D’entrée, le ministre a sorti l’artillerie des mesures sociales. Pour soulager les apprenants, il a annoncé une revalorisation des bourses universitaires pouvant grimper jusqu’à 48,6% pour les filières prioritaires. S’y ajoutent le déploiement de nouveaux bus de transport universitaire, dont 9 rien que pour l’UNA, et la confirmation de la gratuité totale des frais de scolarité, de la maternelle à la terminale, pour les filles et les personnes en situation de handicap. Sur la santé, la ligne du gouvernement reste inchangée : toute urgence vitale doit être prise en charge immédiatement dans les hôpitaux publics, sans exiger un franc au préalable.
À Kétou, haut lieu de la formation agronomique, le discours a logiquement basculé sur la souveraineté alimentaire. Wilfried Houngbédji a détaillé le projet pilote maïs du Programme de Productivité Agricole.
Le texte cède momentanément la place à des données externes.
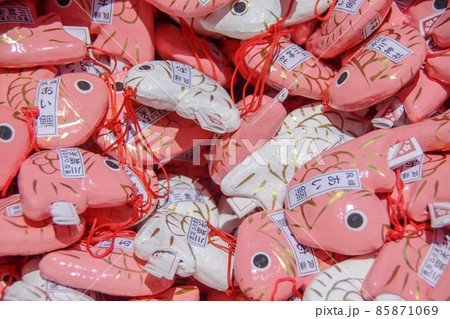 川越氷川神社 85871069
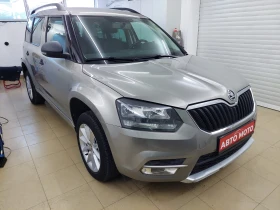 Skoda Yeti 1.6 tdi | Mobile.bg    1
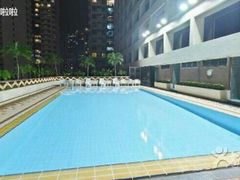 城市花园酒店-香港城市花园酒店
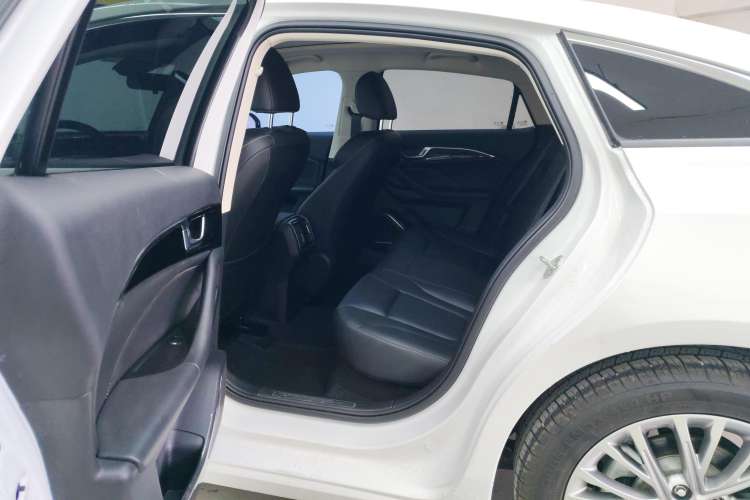 Used Bestune B70 2022 Third Generation 1.5T Automatic Enjoyment Version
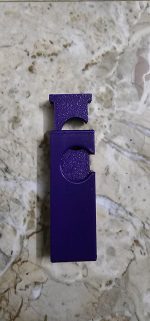 Clips de sachet à pression — lot de 6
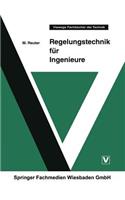 Regelungstechnik Für Ingenieure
L’ambition est claire : faire bondir le rendement moyen de 1,5 tonne à près de 8 tonnes à l’hectare. Mais l’enjeu dépasse le champ. Les excédents générés devront servir à financer la couverture maladie, la retraite des producteurs et à accroître leur pouvoir d’achat.
Pendant plus de deux heures, l’exercice s’est terminé par un jeu de questions-réponses incisif. Le sort des élèves-enseignants des lycées agricoles formés avec l’appui de l’Université du Kwazulu-Natal, la faible connectivité internet sur le campus et la colère des commerçantes suite aux saisies de soja et de cajou ont été mis sur la table. Réponse du porte-parole : l’État tiendra ses engagements envers chaque corporation, mais ne reculera pas sur l’interdiction d’exporter les matières premières à l’état brut. Pour lui, la transformation locale est la seule voie pour créer de la valeur et offrir des emplois durables à la jeunesse béninoise.